At the University of Texas medical school in Galveston, researchers plan to genetically engineer influenza (“the flu”). While flu is generally regarded as not extraordinarily dangerous and only requires minimal biosafety procedures, the genetic engineering experiments will “re-assort” flu genes and is considered so dangerous that it will require maximum containment (Biosafety Level 4, the highest level). There are other, safer, ways to research disease than to create such genetically engineered bugs, but we instead pursue the biotech path at great risk.

The security of Biosafety Level 3 and 4 facilities is also a concern. Proponents of the facilities say they have a good safety record and claim that nearby communities have nothing to fear. It is true that on any given day at any given facility the chance of a breach is low, but accidents have occurred and will occur again. In 1994, a researcher walked out of a Yale University lab infected with Brazilian hemorrhagic fever (sabia virus), an extremely rare, extremely dangerous disease. For days, the researcher circulated in Connecticut and Massachusetts, potentially exposing his contacts to the disease, before his symptoms became so acute that he checked into a hospital. In September 2003, after Singapore had been declared SARS-free, a new case was diagnosed there in a microbiologist. The source of his infection was a Biosafety Level 3 laboratory. Fortunately, the new outbreak was contained, but with that city as an international center of air travel, it could easily have spread from Singapore to almost anywhere in the world in a matter of hours.


…genetic engineering can…be used deliberately to make diseases less treatable, more aggressive, and harder to detect.

Insisting on transparency in biodefense research is crucial to keeping it safe. First, transparency acts as a restraint on research. A scientist with the public looking over his or her shoulder, probing the rationale for research, is less likely to engage in risky or provocative experiments. Secondly, transparency and public accountability promote peace and security. Because so much biodefense research is “dual use,” third parties need to see information about research and be able to independently decide if it is safe and peaceful. The US does not accept “trust me” assurances about biodefense from other countries and we should not accept them from US biodefense labs.

In 2003 there began a groundswell of public concern about research on bioweapons agents. From Boston to the Bay Area, citizens and non-profits are asking questions and demanding a say in biodefense research. Unfortunately, new federal bioterrorism laws are working in the opposite direction, encouraging more secrecy. And the expansion of biodefense research by unaccountable agencies like the Department of Energy and even the Central Intelligence Agency is deeply worrying.

We are at a crossroads: Do we cooperate with the world to reduce threats and limit research, or do we dive into exploring the darkest applications of biotechnology?

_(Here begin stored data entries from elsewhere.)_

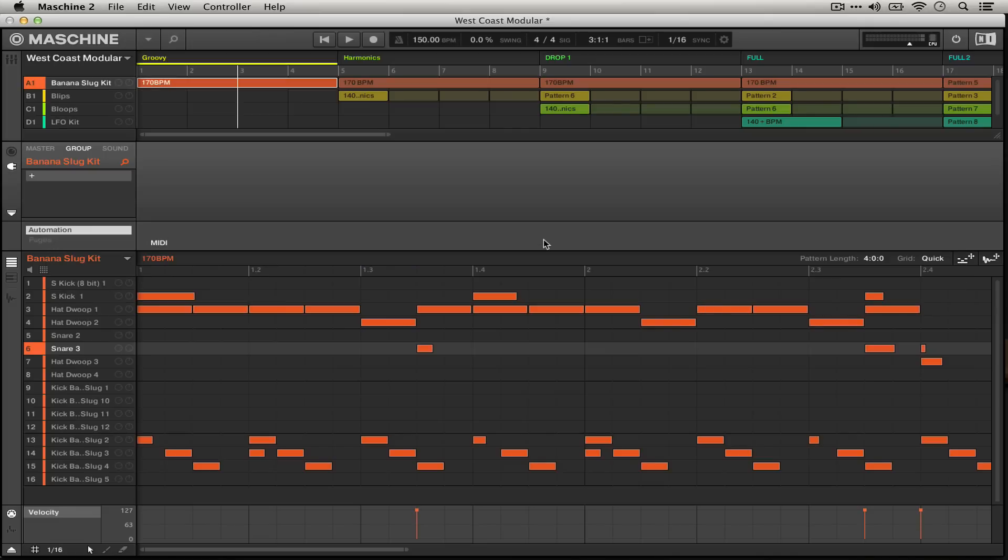Hi, this is Sam Botstein from Machineskills.com. Today I'm going to talk about working with the standalone Machine application and Ableton Live and some workflow ideas.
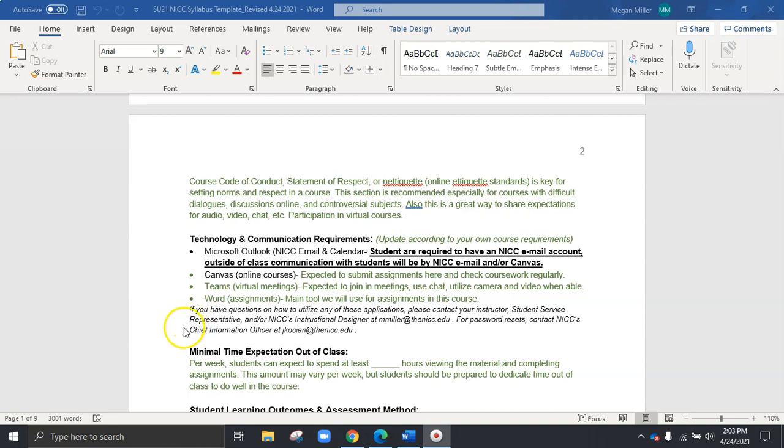And then, of course, if you have any technology issues, you do have the instructional designers email address there, as well as the chief information officer.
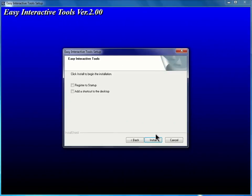Finally, I'll click and place a check in each box, Register to Startup, and add a shortcut to the desktop. Then I'll click Install.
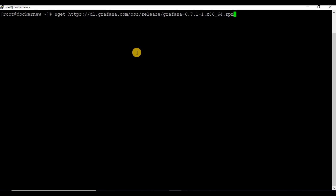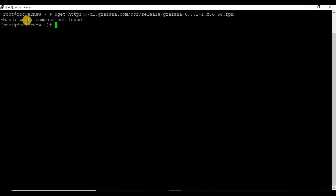To download the RPM package, we need to have wget on the CentOS machine. Let's install wget and then download the Grafana package.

Biological security will not be won with cruise missiles, bunker busters, and biotech. Non-profits and citizens need to give biodefense labs a hard time, asking aggressive questions, insisting on access to research plans—especially the records of biosafety committees—and criticizing dangerous research. Biotech and arms control activists can work together to change US policy, to force the US government to stop provocative and secret research and to cooperate with other countries to strengthen the Biological Weapons Convention. If we fail to do so, genetic tinkering with biological weapons agents may leave a devastating legacy.